Many Visigothic names survive into modern Spanish. Of the Kings, the name of Rodrigo seems the most obvious example. Later names like Ferdinand (Ferdinando, Fernando) are also examples.
The origin and history of the Goths is a matter of great interest, dispute, and speculation. The island of Gotland off the coast of Sweden seems to testify to the location and antiquity of the name, but there is no real historical evidence linking the Goths to it, apart from much later, and legendary, accounts, like the history of the Goths completed in 551 by Jordanes, a Goth himself -- although it seems to be based on a larger history by Cassiodorus. What is better known is that in the first centuries A.D. German tribes expanded from the Baltic & North Sea coasts of Germany south and east along the frontier of the Roman Empire. In so doing they interacted with Roman culture, even developing their own writing system, the Runes. By the third century, the Goths were in the forefront of this expansion, passing around the Roman salient of Dacia, shown on the following map.
From this position, in 251 the Goths raided into the Balkans, killing the Emperors Decius and Herennius.
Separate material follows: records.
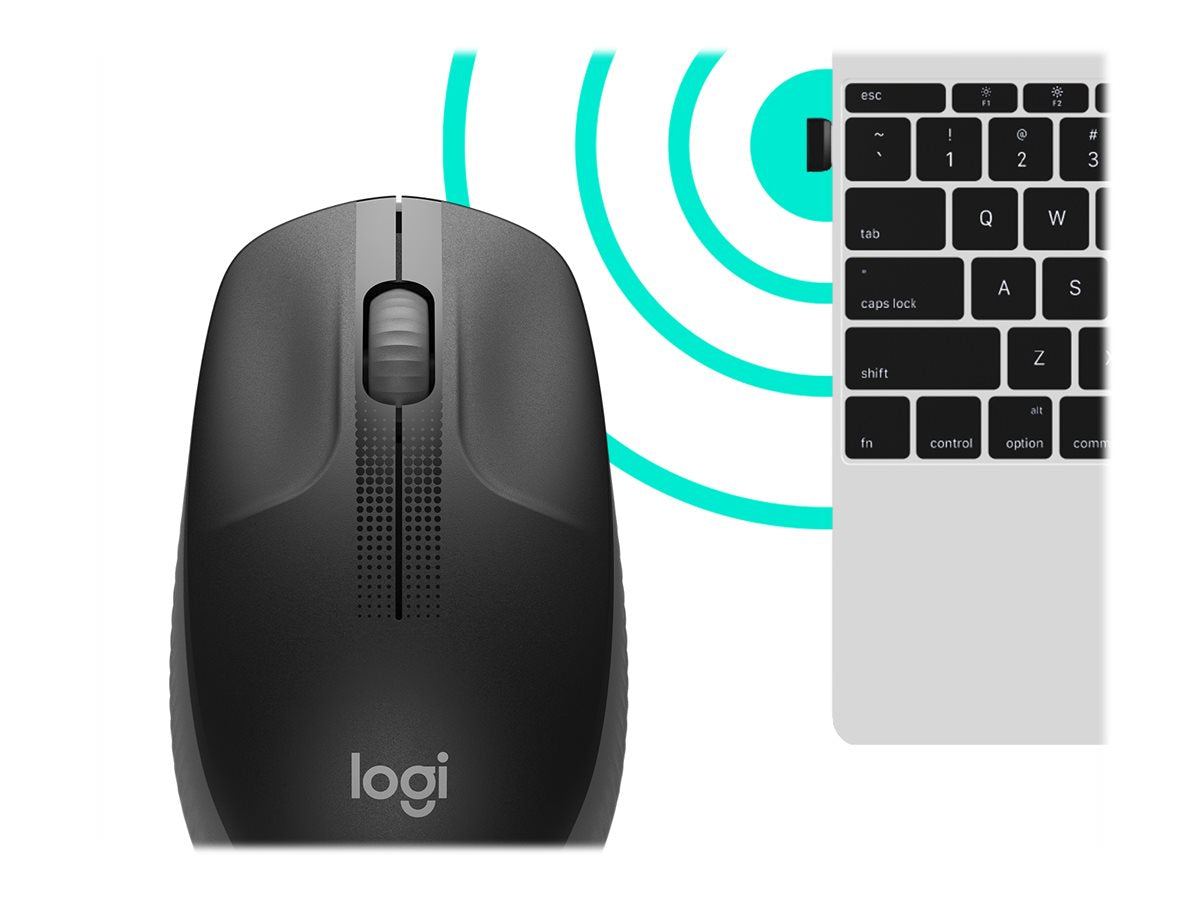 Logitech M190 - Ratón - óptico - 3 botones - inalámbrico - receptor inalámbrico USB - carbón-13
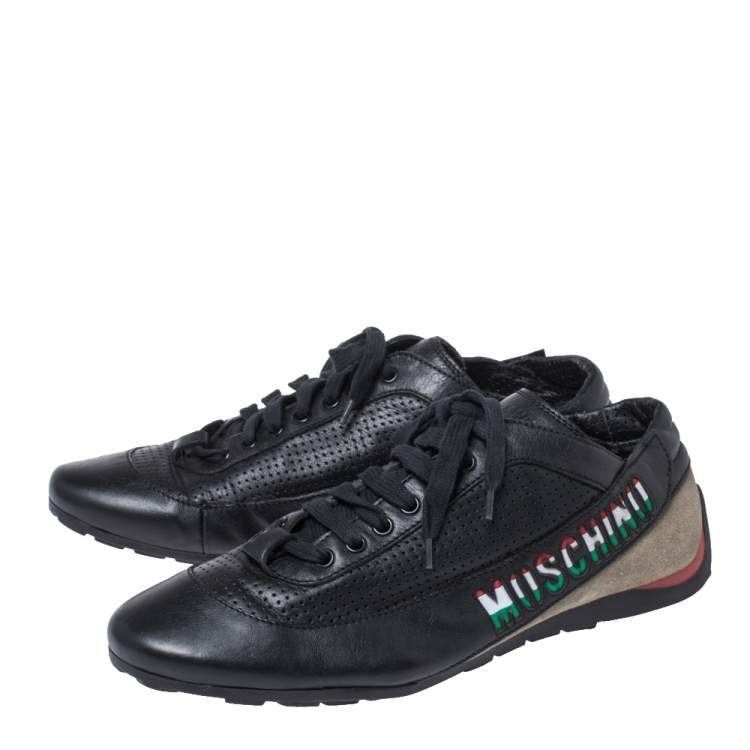 Pre Owned Moschino Black Suede Leather Low Top Sneakers Size 43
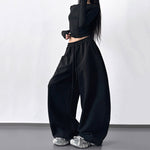 Casual Draped Straight Leg Floor-length Sweatpants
In 267 the Goths even sailed down into Roman territory, in a kind of anticipation of the Viking (or Varangian) raids of later centuries, sacking Athens -- though, not really being seafaring themselves, they used ships from Greek colonials in the Crimea (the Cimmerian Bosporus) and nearby. The Emperor Gallienus inflicted some setbacks on them, before he was murdered, but they were finally defeated in 269 at the battle of Naissus by Claudius II, henceforth known as "Gothicus." Nevertheless, Aurelian then withdrew Roman legions and settlers from Dacia in 271. By then some of the Goths were moving on, and soon different Gothic communities can be distinguished. Previously, it was thought that Visigoths and Ostrogoths familiar from later history were already discernable. However, this now looks anachronistic, as discussed elsewhere. Gothic power did expand through the Ukraine. Eventually, it may have extended all the way to the Don, and then spread north, by some (questionable) reckonings all the way back to the Baltic. The Gothic "empire" of King Ermanaric (i.e. "King [riks] Herman," where "Herman" itself is from [h]er[i], "army," and man, "man") collapsed abruptly when the Huns arrived in about 370 -- Ermanaric is even supposed to have committed suicide. This pushed the Goths back into Roman territory, which began all the troubles for Rome.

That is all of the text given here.